[Start of section]

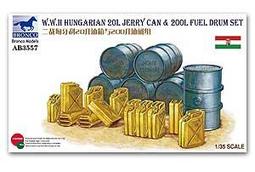 桶 200升桶 汽桶 加厚柴桶 裝飾備用大鐵桶 200L汽桶  露天市集  全台最大的網路購物市集 歷史價格詳細信息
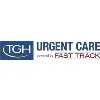 TGH Urgent Care powered by Fast Track TGH Urgent Care powered by Fast Track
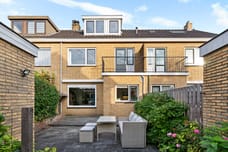 Afbeelding van Lekstraat 3 - Tweede foto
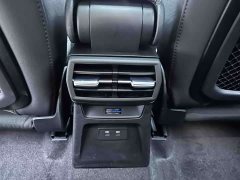 Audi A3 A3L Limousine 35 TFSI Luxury Version - фото 14
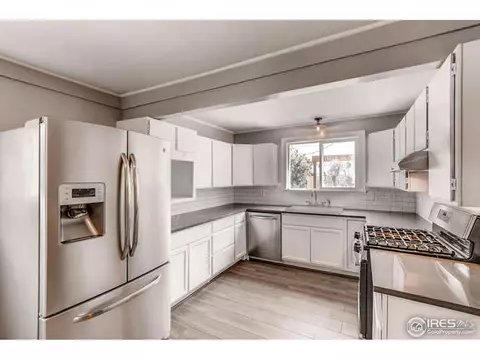 331 Stickney St, Lyons, CO 80540 photo 6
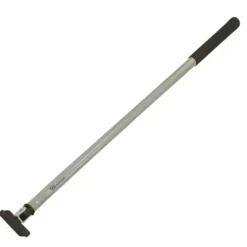 WICHARD Stick fixe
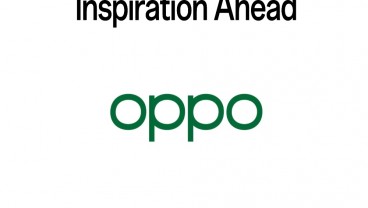 Oppo HP Terlaris di RI Kuartal I/2024, Samsung, Xiaomi dan Apple Minggir Dulu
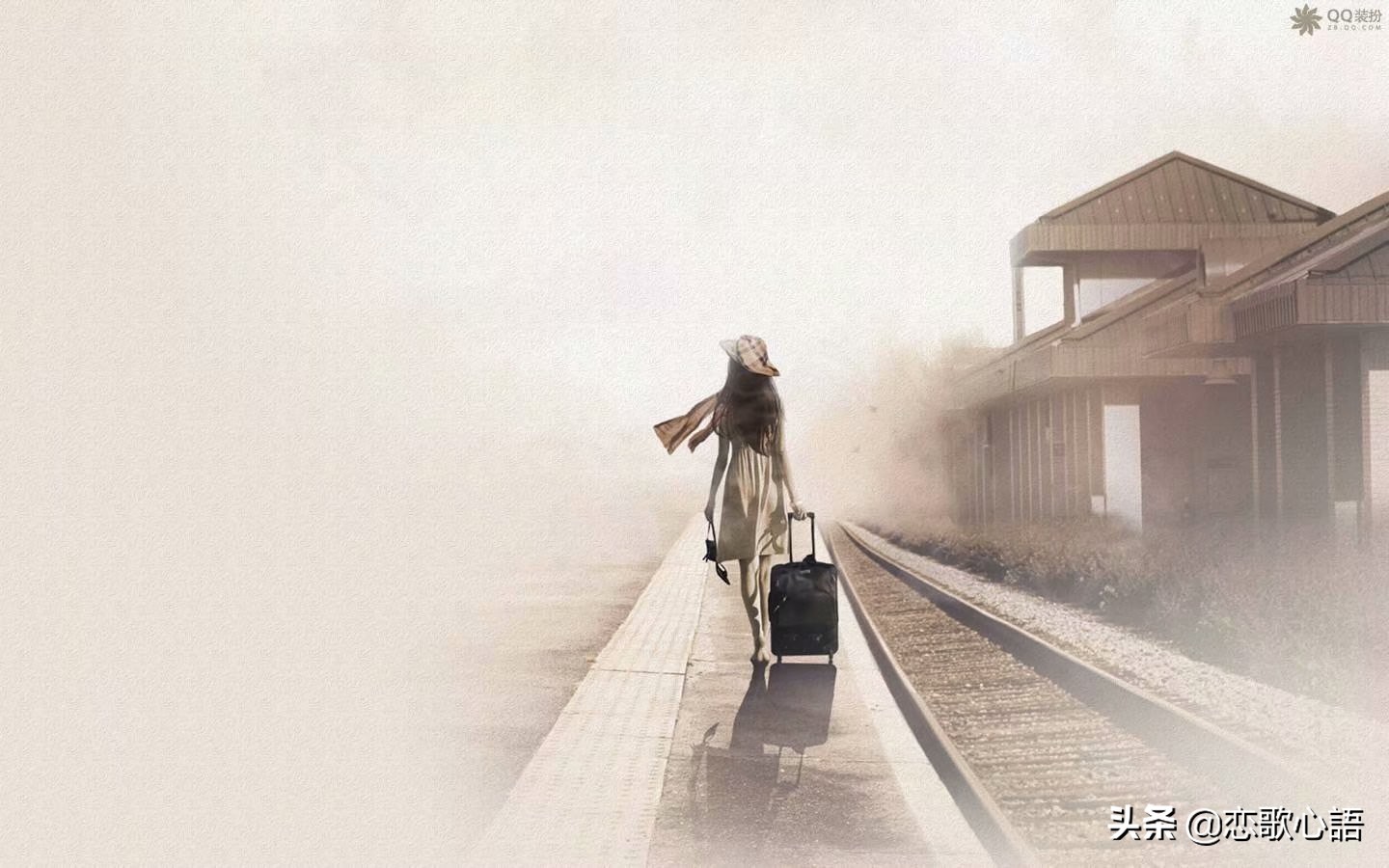 朗诵在路上完整版董卿,朗诵在路上主持稿串词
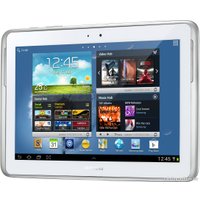 Планшет Samsung Galaxy Note 10.1 64GB 3G Pearl White (GT-N8000)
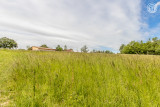 la Cabane de l'Etang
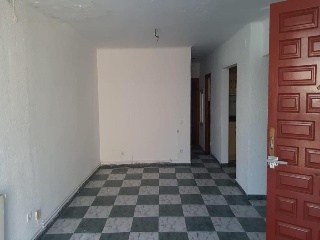 15759-0001 11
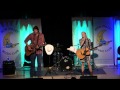 Bruce Robison & Kelly Willis  - Leavin'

[End of section]

• [Problem to solve] The lines from the one holding "TGH Urgent Care powered by Fast Track TGH" to the final line of the entries are to be duplicated exactly, and the pictures are to be left out.

• [Solution below]
 TGH Urgent Care powered by Fast Track TGH Urgent Care powered by Fast Track
 Afbeelding van Lekstraat 3 - Tweede foto
 Audi A3 A3L Limousine 35 TFSI Luxury Version - фото 14
 331 Stickney St, Lyons, CO 80540 photo 6
 WICHARD Stick fixe
 Oppo HP Terlaris di RI Kuartal I/2024, Samsung, Xiaomi dan Apple Minggir Dulu
 朗诵在路上完整版董卿,朗诵在路上主持稿串词
 Планшет Samsung Galaxy Note 10.1 64GB 3G Pearl White (GT-N8000)
 la Cabane de l'Etang
 15759-0001 11
 Bruce Robison & Kelly Willis  - Leavin'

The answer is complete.